(Scraped caption text data)
________________________________________

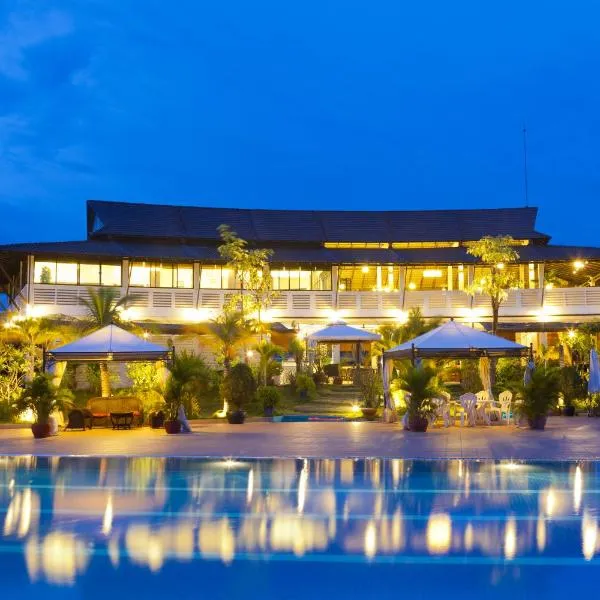 Cambodian Country Club, hotel en Phumĭ Bayab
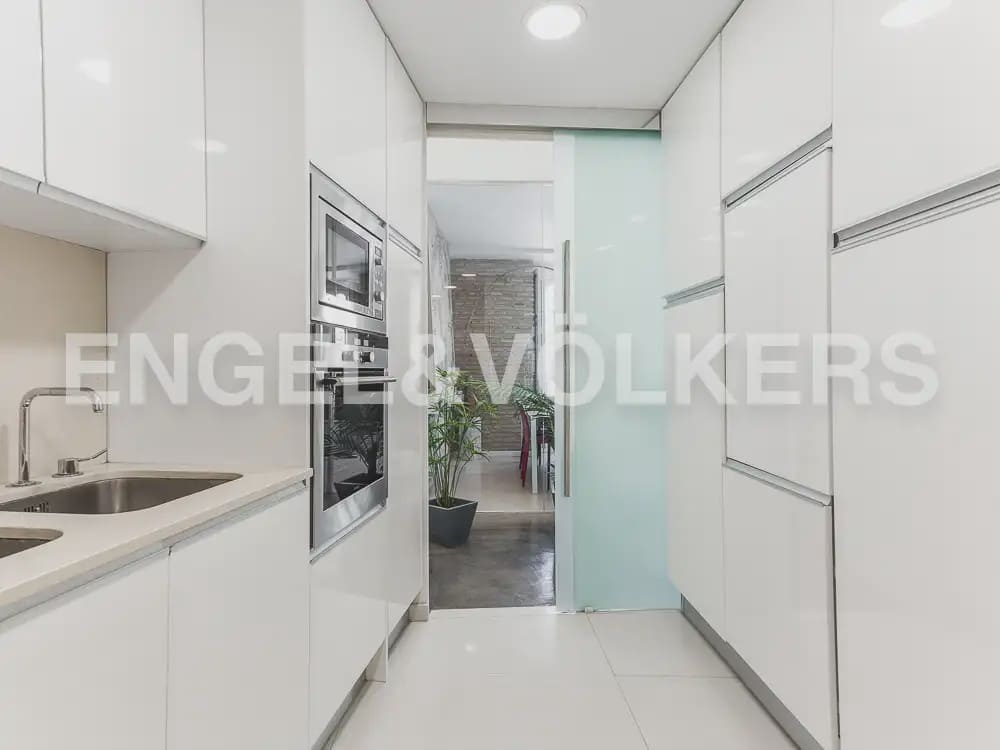 3 slaapkamer Flat te huur in Valencia stad - € 2.500 (Ref: 9897495)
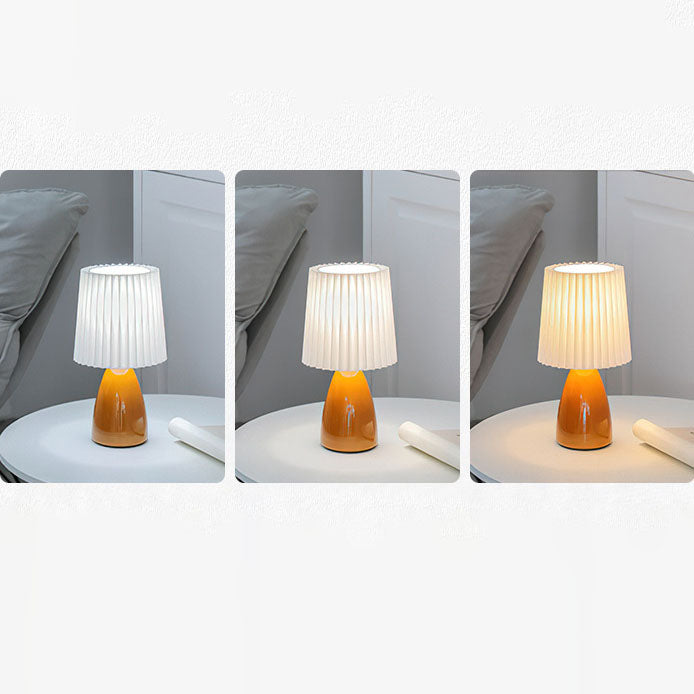 Zeitgenössische skandinavische Tischlampe mit plissiertem Stoffschirm und Glasfuß, 1-Licht, für das Schlafzimmer 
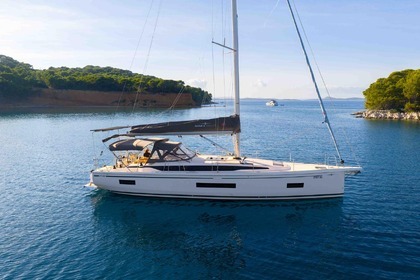Hyra båt Segelbåt Bavaria Yachtbau Bavaria C46 - 4 cab. Šibenik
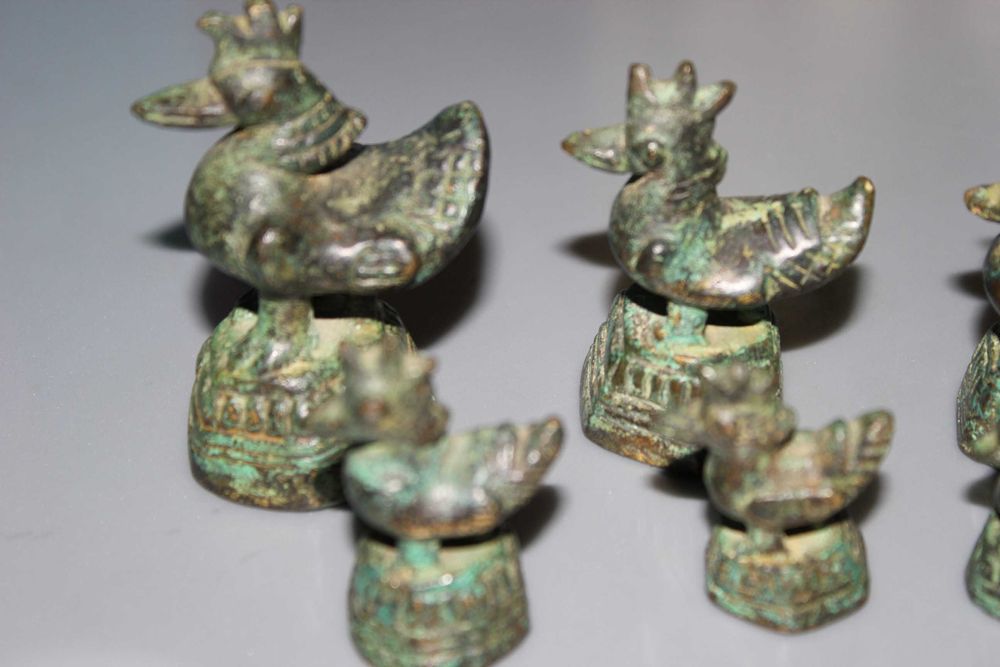 Odważniki do ważenia opium. Daleki Wschód, początek XVIII wieku.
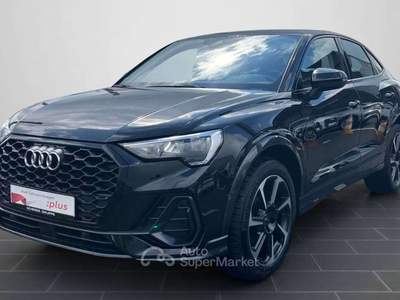 Audi Q3 Sportback 35 1.5 tfsi Identity Black s-tronic 2023 19" Nero usata Monte Compatri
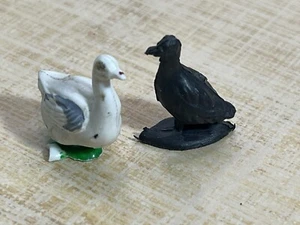 Patos de plástico vintage miniatura escala 1:12 blanco y negro - Imagen 1 de 4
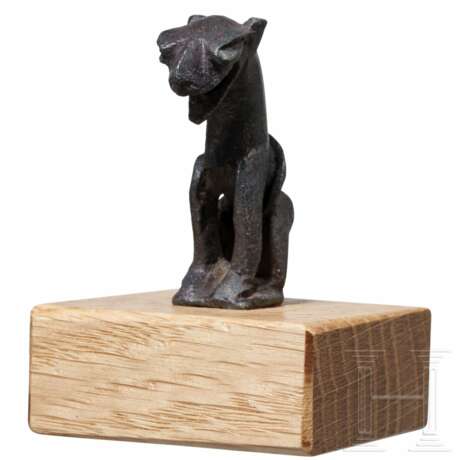Hochmittelalterliche Bronzefigur eines Fabelwesens, 12. - 13. Jhdt. - photo 2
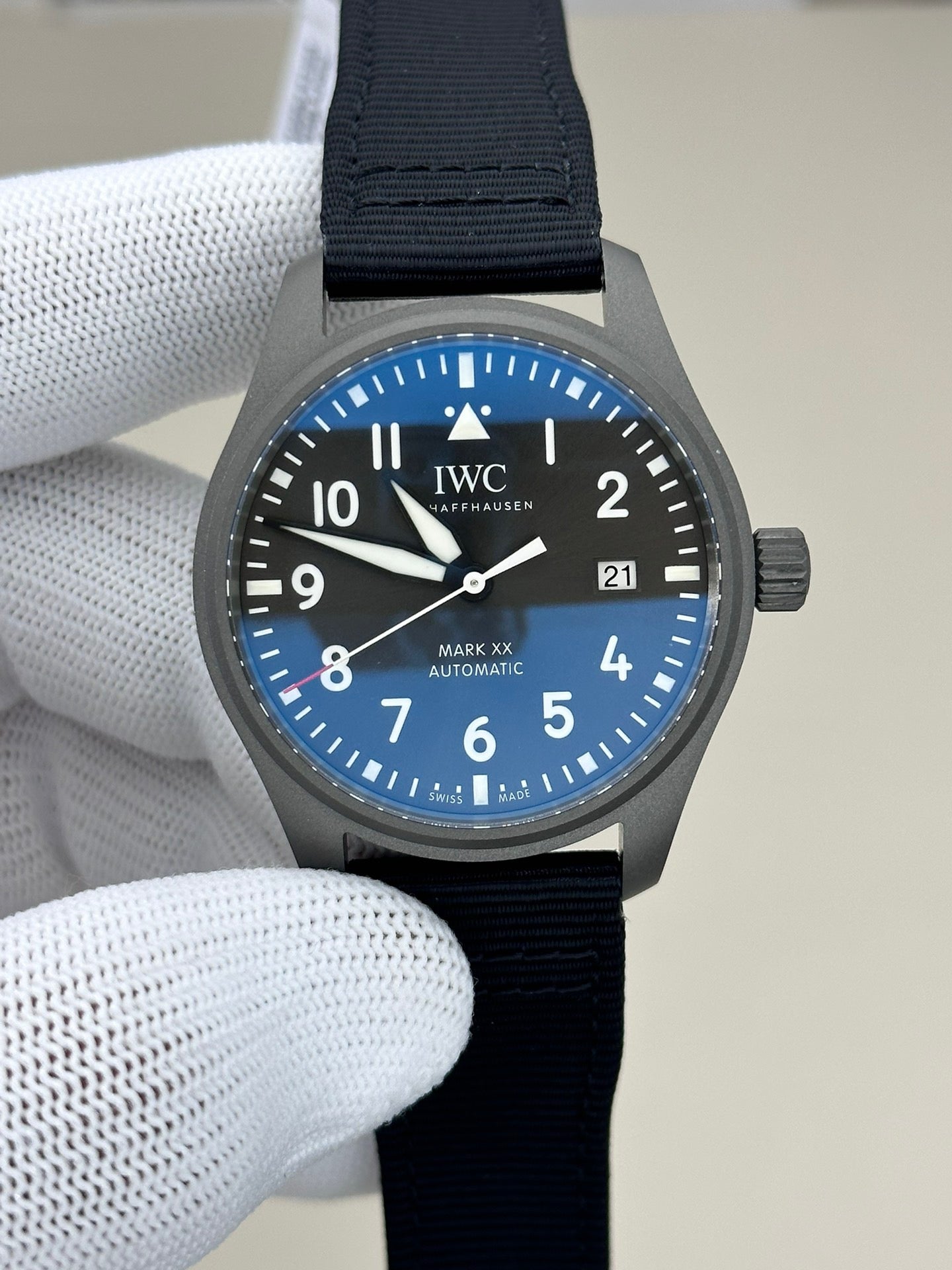 V7 factory IW328209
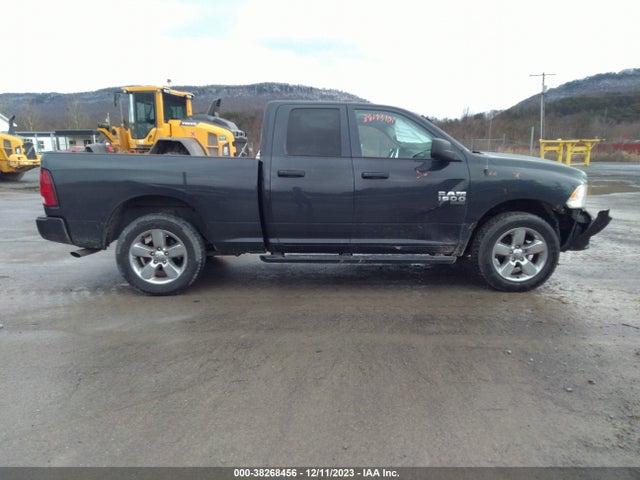 2019 RAM 1500 CLASSIC EXPRESS 4X4 64 BOX VIN: 1C6RR7FG2KS606988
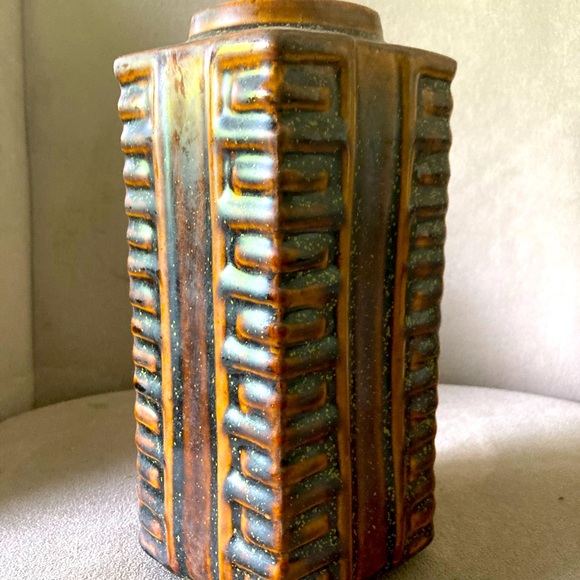 Ceremonial Cong Vasee - Picture 1 of 2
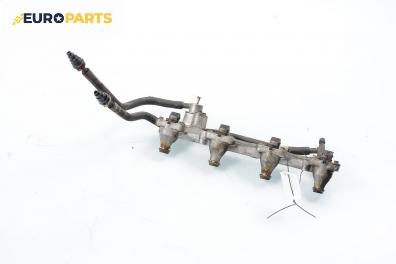 Бензинова рейка с дюзи за Ford Mondeo I Estate (01.1993 - 08.1996) 1.6 i 16V, 90 к.с.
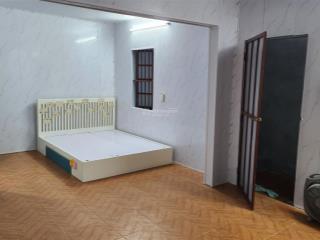 Cho thuê nhà trọ 30m2, 3 triệu vnd tại đức giang, long biên, hà nội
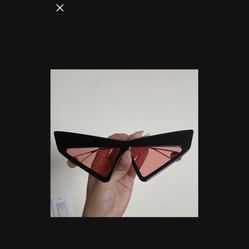 Authentic GUCCI Cat Eyes Sunglasses 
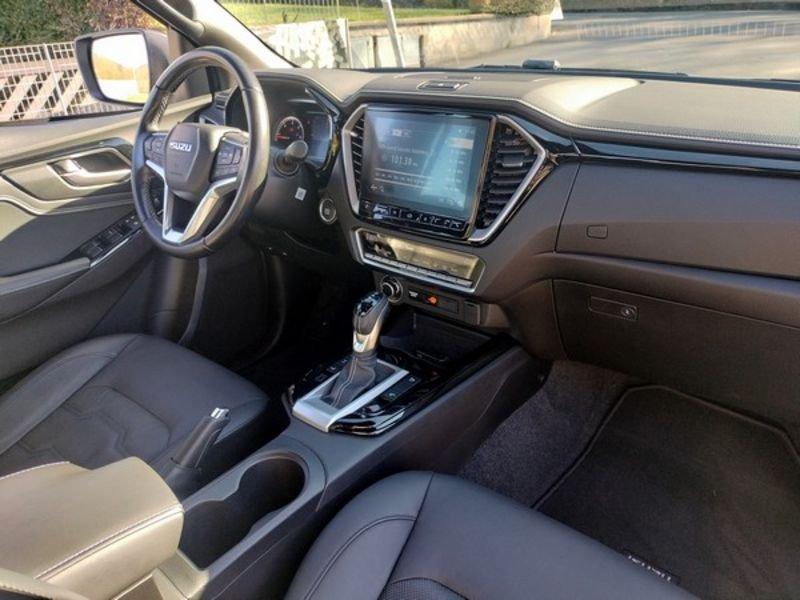 Isuzu D-Max N60 D-Max N60 1.9 Crew Cab FF 4X4 A/T con BullBar, Rollbar e Shutter Lid!!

________________________________________

» Assignment
Pictures aside, retype the entries above exactly as they are.

» Result for this exercise
 Cambodian Country Club, hotel en Phumĭ Bayab
 3 slaapkamer Flat te huur in Valencia stad - € 2.500 (Ref: 9897495)
 Zeitgenössische skandinavische Tischlampe mit plissiertem Stoffschirm und Glasfuß, 1-Licht, für das Schlafzimmer 
Hyra båt Segelbåt Bavaria Yachtbau Bavaria C46 - 4 cab. Šibenik
 Odważniki do ważenia opium. Daleki Wschód, początek XVIII wieku.
 Audi Q3 Sportback 35 1.5 tfsi Identity Black s-tronic 2023 19" Nero usata Monte Compatri
 Patos de plástico vintage miniatura escala 1:12 blanco y negro - Imagen 1 de 4
Hochmittelalterliche Bronzefigur eines Fabelwesens, 12. - 13. Jhdt. - photo 2
 V7 factory IW328209
 2019 RAM 1500 CLASSIC EXPRESS 4X4 64 BOX VIN: 1C6RR7FG2KS606988
 Ceremonial Cong Vasee - Picture 1 of 2
 Бензинова рейка с дюзи за Ford Mondeo I Estate (01.1993 - 08.1996) 1.6 i 16V, 90 к.с.
 Cho thuê nhà trọ 30m2, 3 triệu vnd tại đức giang, long biên, hà nội
 Authentic GUCCI Cat Eyes Sunglasses 
 Isuzu D-Max N60 D-Max N60 1.9 Crew Cab FF 4X4 A/T con BullBar, Rollbar e Shutter Lid!!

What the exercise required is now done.